Diagnosing intermittent engine problems can be a challenge, especially if they affect driveability.
Problems that come and go or only occur under certain driving or operating conditions can be very difficult to troubleshoot.
How do you approach an intermittent drivability diagnostic issue?
If there are no pending OBD codes, you may find yourself guessing at a diagnosis.
If an intermittent starting or driveability problem only occurs when:
- When the ambient temperature is high or low
- The engine is hot or cold
- Only during warm-up
- Only when the engine reaches normal operating temperature
This tells you that engine temperature is affecting something.
Where To Start !
Shouldn’t we check the oxygen sensor first, before looking at fuel trim values, to confirm that they’re providing good data ?
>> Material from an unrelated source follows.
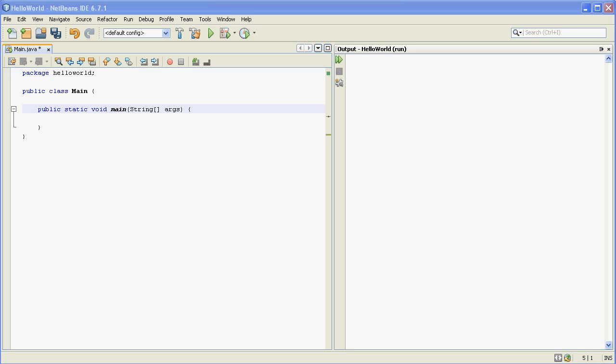This is going to be a short video talking about comments in Java. So when you're writing Java code, or any code really, you want to document what you're doing.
We already know the vehicle has a intermittent driveability issue and the Check Engine light is not on.
As a result, the PCM has already tested the O2 sensors, using the criteria set in the O2 sensor monitors.
Depending on the PCM strategy, these tests are performed with every key cycle as the vehicle is being driven.
Temperature-Related Intermittent Problems
Often a circuit is shorting out or opening up as a result of thermal expansion or contraction. Other possibilities are a failing crank sensor or mass air flow sensor. Some vehicle types had problems with their ignition switches, loose connections, and (especially) grounds. In some cases, the cause can be a defective fuel pump, computer, or their respective power relays. Heat may be causing a loose or corroded connector or ground to break contact.
As operating temperatures rise wiring connectors and even integrated circuits may open up.
Temperature effects on electronic components can be simulated with a hair dryer or hot air gun. By directing heat at suspicious connections, modules or other components, you can sometimes get the part to misbehave when hot. If so, this would confirm the problem. The next step would be to replace the faulty component.
This would include:
- Microscopic hairline cracks in circuit boards
- Soldered connections
- Wiring connectors
- Even integrated circuits
An injector solenoid or ignition coil that shows normal resistance at room temperature may short out when hot. Sometimes diodes and transistors can become flaky at high temperatures and/or voltage loads.
Sensor Or PCM-Related Issues
Changes in operating temperature also affect the way the PCM controls spark timing, the fuel mixture and other emissions functions.
If an intermittent problem only occurs after warm up, it may be occurring when the PCM goes into closed loop.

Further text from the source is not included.